The first step is collecting training data. “That’s the hardest part,” Ricklin said. “The training data has to be super high quality, and you need a lot of it.”
The training process requires a human to examine images and draw boxes around the objects the model should recognize. After reviewing hundreds of marked up images, the model learns what it should be looking for.
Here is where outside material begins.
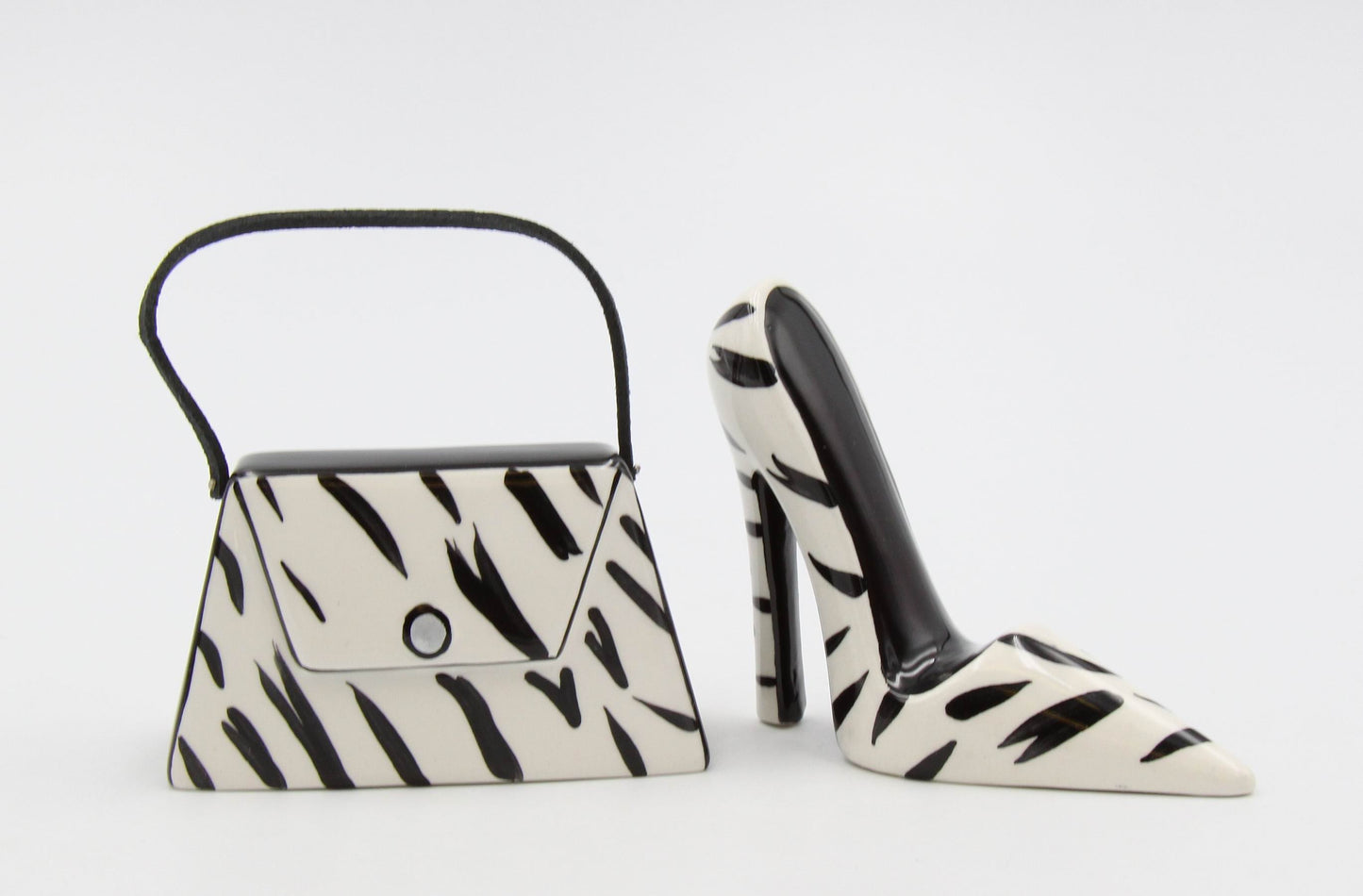 Ceramic Zebra Print Heels and Purse Salt and Pepper Gift for Her Gift for Mom Gift for Friend or Coworker Kitchen Décor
A model can be made more robust by adding synthetic training data, like 3D images inserted into satellite images, to help improve the model, Ricklin said.
Ricklin demonstrated one model that was able to recognize man-made structures, in real time, as he scrolled around a satellite image. Another did the same for airplanes parked at an airport.
The technology can also compare two images -- one old and one more recent -- of the same location to show changes over time, he said. The requires two models, one running on each image, to look for whatever object the model is trained to recognize, like a specific building. It then automatically, in real time, highlight all of the structures that are “new” or that appear in the most recent image, but not the older image.
“But it's not perfect,” he said. In this example, the system thought there was no building in the older image, but there really was. These kinds of abilities will improve the more they’re used, he added. "That’s why we need you, we need everyone in the community to come … and help advance the state of AI in satellite imagery.”
Editor's note: This arictle was changed June 26 to replace the image and add a credit.